Unless of course you have asked to see What Comes Out. If you have—though you probably haven’t, almost no one does—you will see an abridged version. The lab tech will bring a small cup into the room after removing her layers of protective gear, and she will smile and say nothing. You will see the pregnancy sack floating in water. We will include some scraps of uterine lining. The doctor will explain to you what they are, and you will nod appreciatively and say “That’s all?” Perhaps you suspect that we haven’t shown you everything, perhaps you are smarter than we would hope you to be. If you were farther along, we will try to dissuade you from looking at fetal parts. We will explain that even most of the women who work at the clinic do not work in the lab, that they find it distasteful. We use this word: distasteful (imagine Emily Post). Most times you are pacified with looking at the ultrasound, which is grainy and indistinguishable, qualities that make us reluctant to get a new and better machine, one that would take pictures that might upset you, pictures that reveal too much.

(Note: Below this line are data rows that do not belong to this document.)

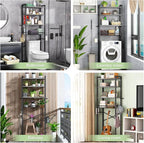 Over-The-Toilet Storage Rack, 4-Tier Bathroom Organizer Shelf Over Toilet with Adjustable Shelf and Basket, Freestanding Space Saver Bathroom Shelves Above Toilet for Room (Pure Gray)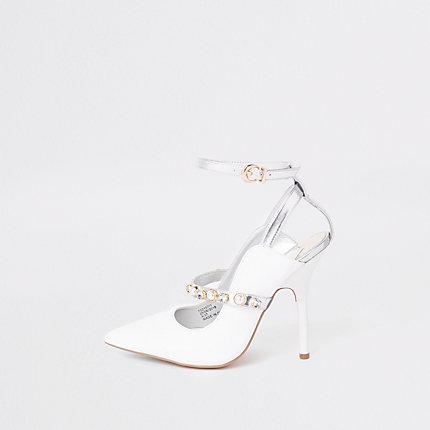 River Island Womens White Pearl Pointed Toe Strappy Court Shoes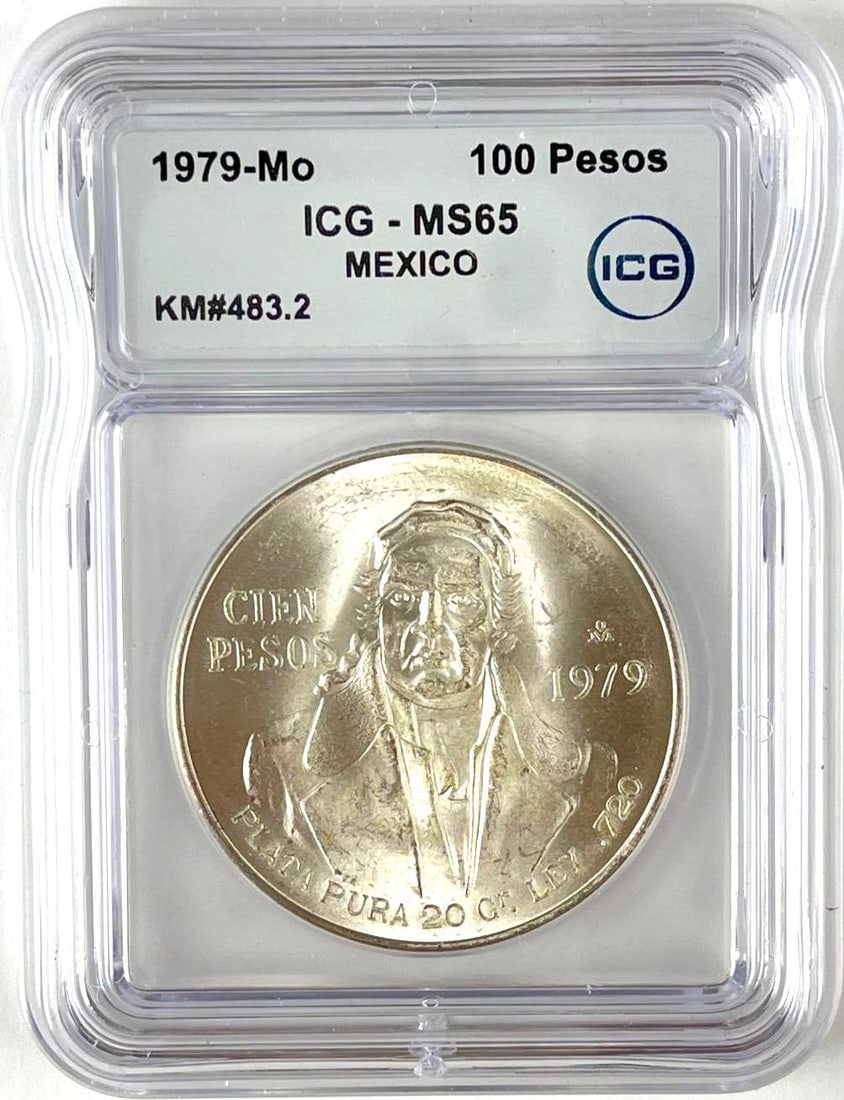 1979 Mexico 100 Pesos Jose Maria Morelos Silver Coin ICG MS65: 1979 Mexico 100 Pesos Jose Maria Morelos Silver Coin ICG MS65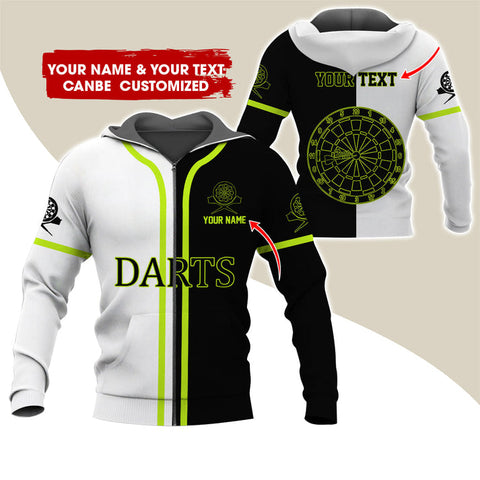 Maxcorners Darts BnW Personalized Name And Team Name 3D Shirt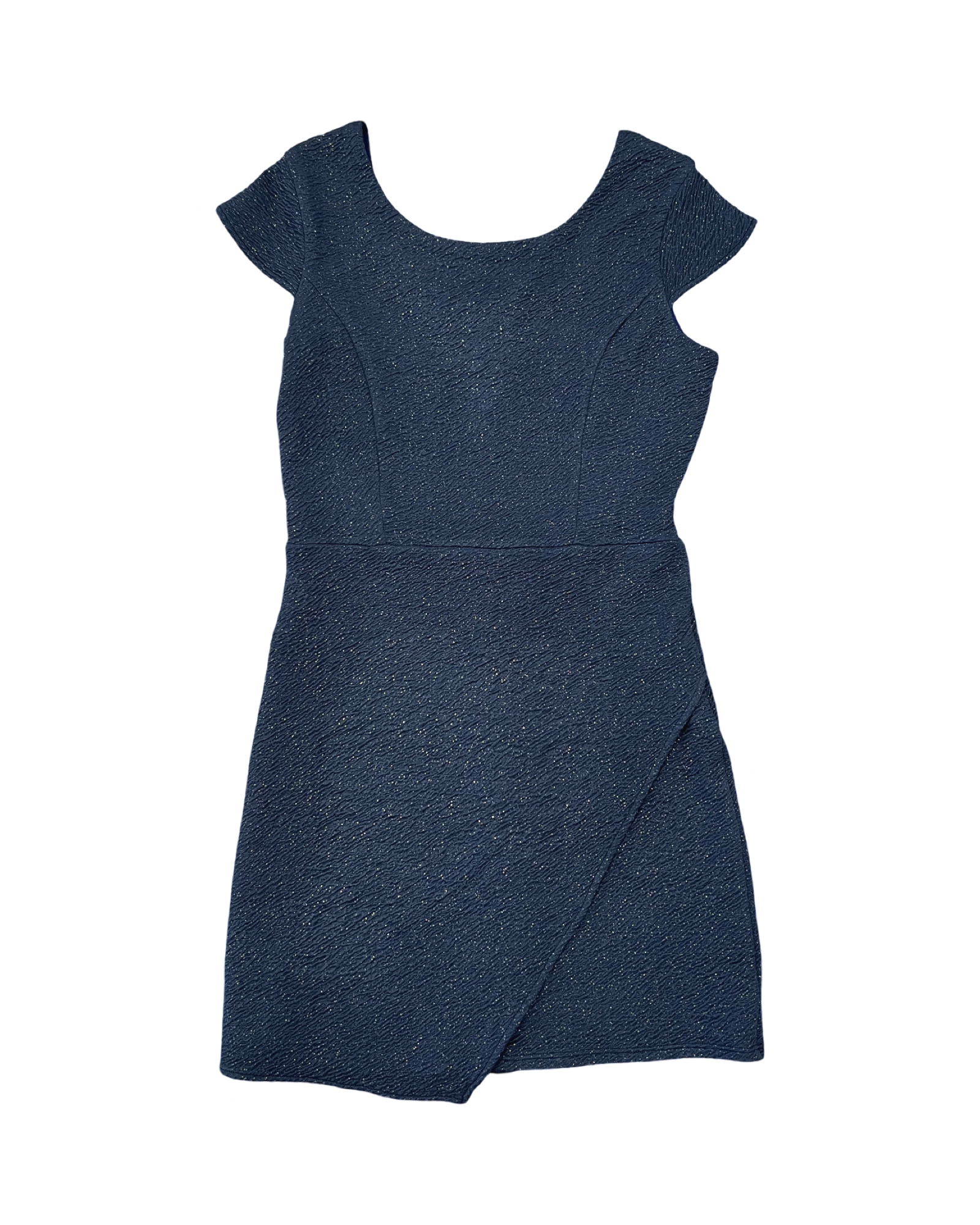 Girls & JR Navy Gold Sparkle Cap Sleeve Envelope Dress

The doctor returns to you, tells you, “Everything went just fine.” You’re not entirely sure what she means, but you say, “Thank you,” and she leaves. You get up and get dressed and go to recovery and eat stale cookies and drink apple juice (imagine afternoon snack at preschool) and then after a while the nurse tells you you’re okay and you leave. You pass the lab and see someone in a white coat reading a book and waiting for something to happen. There’s music you can’t quite make out. She’s wearing a hairnet and has a plastic face shield pulled to the top of her head like a visor (imagine a welder’s mask). She looks up at you and smiles that “I hope you’re feeling okay,” lame, pity smile you’ve seen on everyone’s face since you got here.

You go home.

Perhaps this was helpful. Perhaps not. But this is the truth; this is what we avoid saying. We hide behind our scripts and clean language; we avoid words like blood, pain, clot, and fear (imagine hesitating, even now, nauseous and cold, before typing the forbidden word: baby). We hold this truth close and don’t let it out, fearing the other side, the ones with signs, the ones with guns and websites with our names and the names of our loved ones. We cling to words like EMPOWERMENT, HEALING, and the mother of all words: choice. We shield ourselves with euphemisms and mission statements, but this is the truth we won’t even talk about among ourselves. The one we fear because there is no denying the simple truths of the body. But truth will always out, and now I have spoken its name and I am waiting for the world to crumble and our position to unravel like seaweed or intestines in a Pyrex dish. I am waiting.